[MUD-Dev] The Relationship between pkers and monster AI?
Caliban Tiresias Darklock
caliban at darklock.com
Thu Sep 23 17:21:56 CEST 1999
On 03:47 AM 9/21/1999 -0500, I personally witnessed Greg Miller jumping up
to say:
>Caliban Tiresias Darklock wrote:
>>
>> On 03:02 AM 9/11/1999 -0500, I personally witnessed Greg Miller jumping up
>> to say:
>> >Solmyr of the Azure Star wrote:
>> >> murders. Which is what I think pking should be - in-character.
>> >
>> >And why is that? Role-playing is simply not fun for most mud players.
>>
>> Ever try to play D&D by yourself?
>
>I don't see the connection. Yes, muds and D&D involve social interaction
>normally--but since when does social interaction require role-playing?
Cause and effect confusion. Role-playing requires social interaction. While
I can interact with others and not role-play, I can't really role-play
without interacting with others.
If you don't want to roleplay, go play Tetris.
>> Speaking from my own experience, roleplaying is a *cooperative* exercise,
>> and if the rest of the players don't *cooperate* then roleplaying is not
>> fun. When you step into a room on a MUD and say "What ho, my good men! How
>> go things?" and they respond "What level are you?", that ruins the fun.
>
>For me, some of the fun would be ruined when you started off with "what
>ho"... I prefer to be able to socialize directly with the other players.
>That seems to be extremely common.
How does playing in character prevent you from socialising directly with
other players? What, you want to log onto a MUD and talk about the football
game? You want to discuss what CDs you listen to? What classes you're
taking at college, what your boss is telling you to do right now, what a
screaming fit your children are giving you?
This is what IRC is for. This is what chat channels are for. This is what
tells are for. This is what email is for. This is NOT what character speech
in an online game is for. You want to talk about this on the server, that's
fine, but it's not part of the game and you shouldn't be getting in the way
of people who are involved in playing the game.
If you don't want to roleplay, go play pinball.
>> ruins the fun. When roleplaying is worthless in the game, then it is not
>> fun. And when nobody else is roleplaying, then roleplaying is worthless;
>> all it does is make you an outcast and a weirdo.
>
>And why does this happen? Because most people don't roleplay. I believe
>that, in turn, stems from the fact that they simply don't find it fun.
I would say, rather, that they see no benefit to roleplaying. If you
roleplay, will you level faster? No. Will you get cool items? No. Will you
make lots of money? No. So what good is it? It's fun.
Fun? What's this fun thing? Where's my "fun" stat? How do I improve it?

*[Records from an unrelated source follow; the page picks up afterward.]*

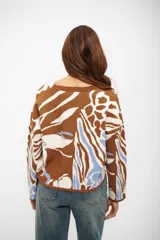 Saco de punto con escote en V y cierre frontal de botones. Presenta un diseño estampado con formas abstractas en tonos marrón, blanco y celeste.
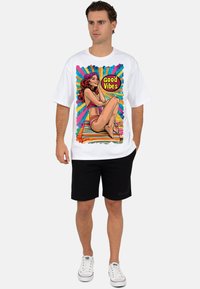 Wit grafisch T-shirt met kleurrijk "Good Vibes" ontwerp van een vrouw in een bikini, gecombineerd met zwarte shorts en witte sneakers.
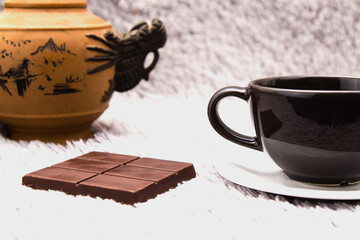 Chocolate and a Cup of tea on a grey background, with a teapot in the background.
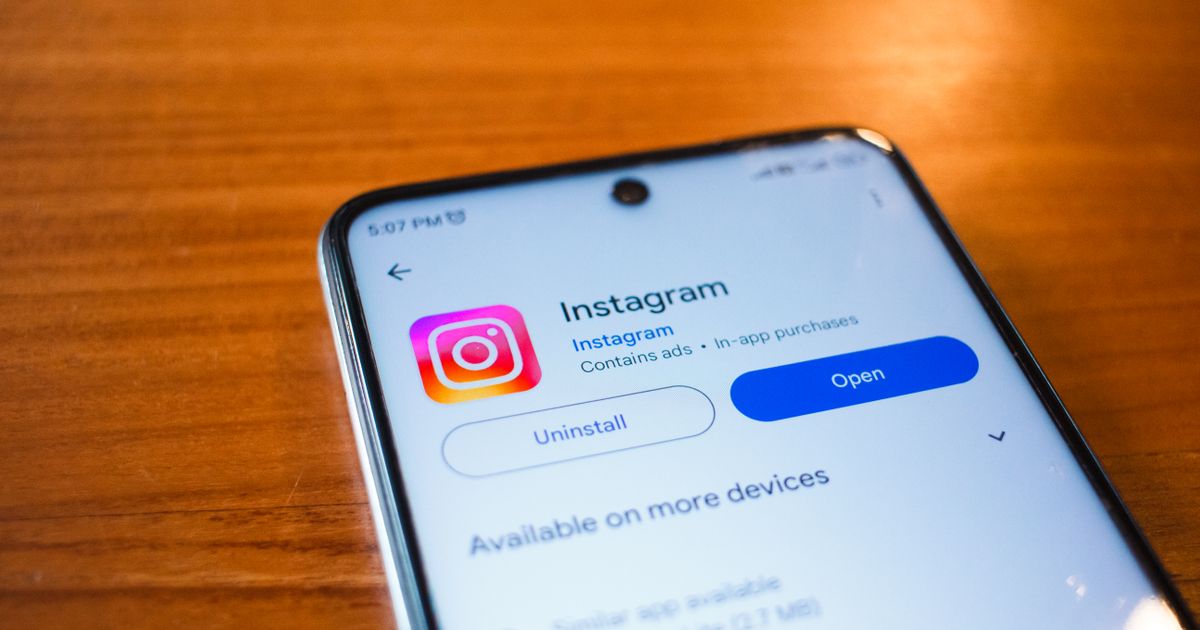 A smartphone with the Instagram app open resting on a table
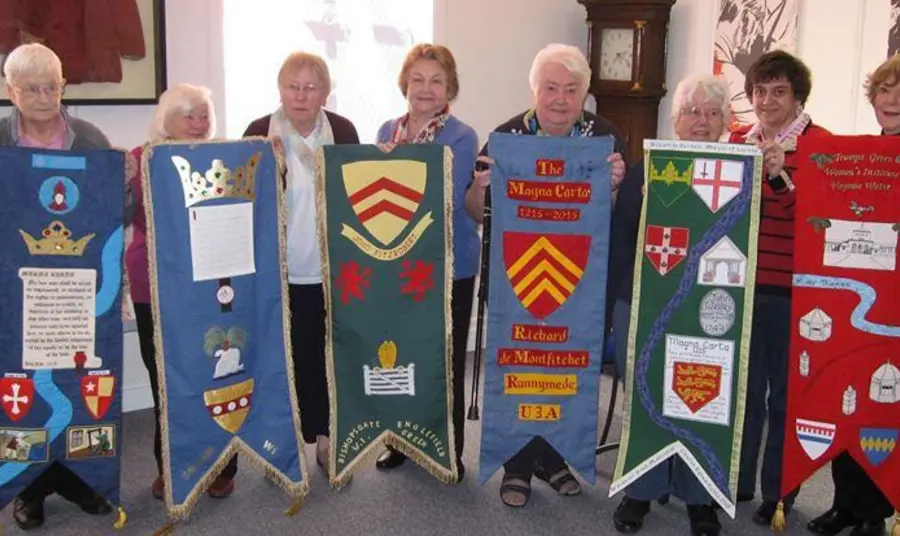 A group of project participants with banners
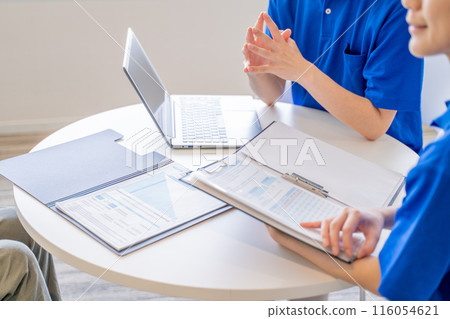 The hands of male and female caregivers having a meeting The hands of male and female caregivers having a meeting 116054621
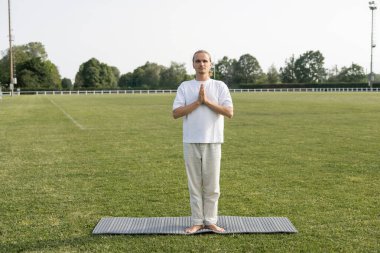 full length of barefoot man in linen pants meditating in mountain pose with praying hands on yoga mat on green lawn clipart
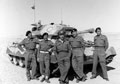 The crew of a 3rd County of London Yeomanry (Sharpshooters) Crusader tank in the desert, 1943 (c)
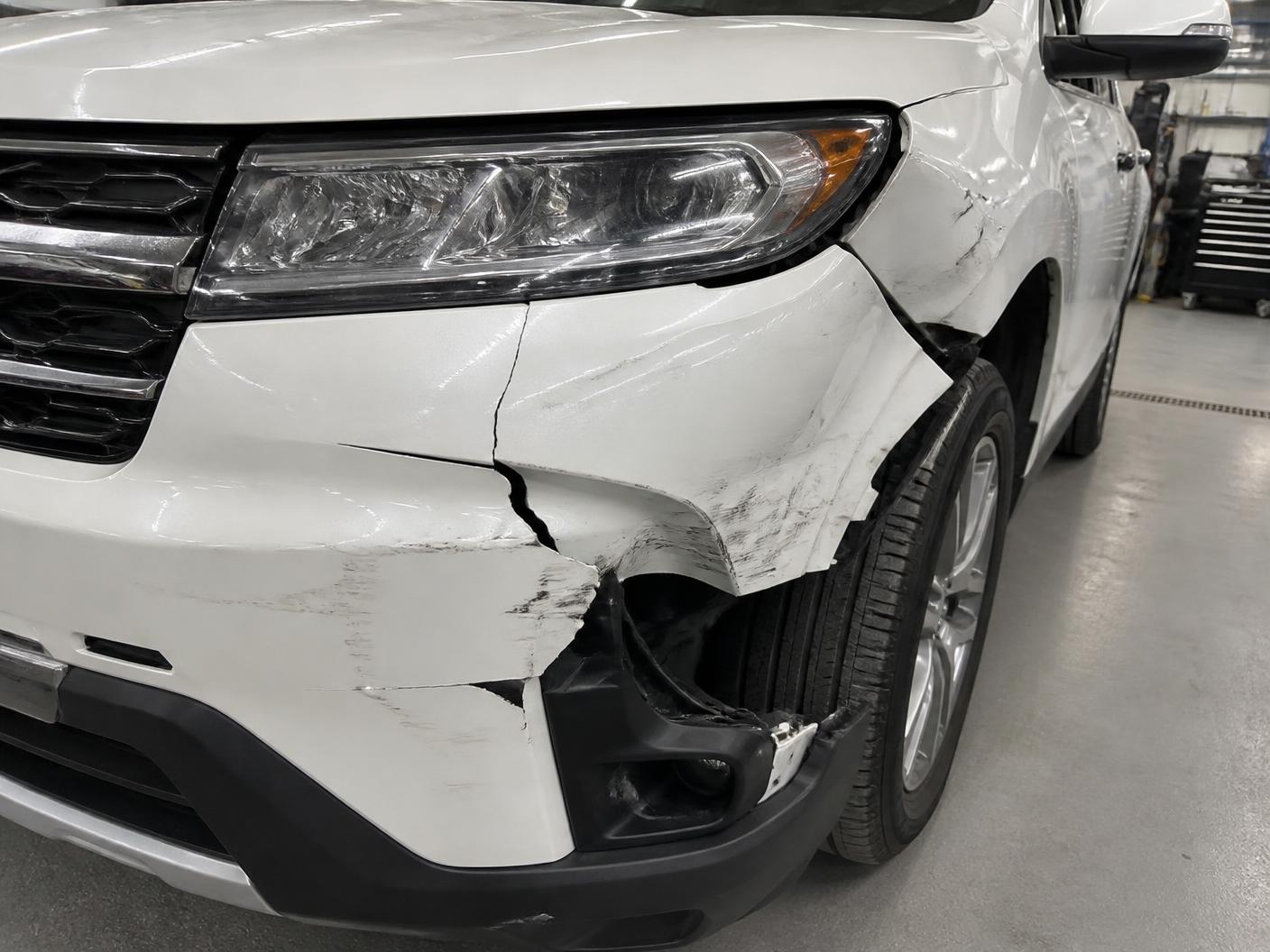 White SUV front bumper cracked and torn with a pushed-in fender before repair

When do I get really good at having fun? Can I get a fun bonus from a spell
or some equipment? If I don't have fun, is that a bug? Where's the "fun"
code in the server?
If you don't want to roleplay, go play checkers.
>I can't speak for why that is for them, but for me it's because playing
>a character means I don't make friends with the other players--to do so
>would be acting in an OOC manner.
There is a basic failure in many people's heads to recognise that
roleplaying is not an all or nothing situation. It is perfectly fine if
chat channels are OOC by default. If tells are OOC by default. If OOC
comments are made through some method. If there are entire areas in the
game which are considered OOC, so you don't even have to try to maintain a
character.
The key is to contain it. You put roleplaying over here, and socialisation
over there, and then you put a wall between them. Some people will wander
back and forth from one side of the wall to the other. Some will just hang
out on one side of it. That's okay, provided the wall is there: the people
who don't care about roleplay aren't disturbing the people who do, and the
people who are roleplaying aren't disrupting the people who want to
complain about their jobs. The wall does not have to be *enforced* (the
playerbase will generally do that just fine), but it has to be *there*.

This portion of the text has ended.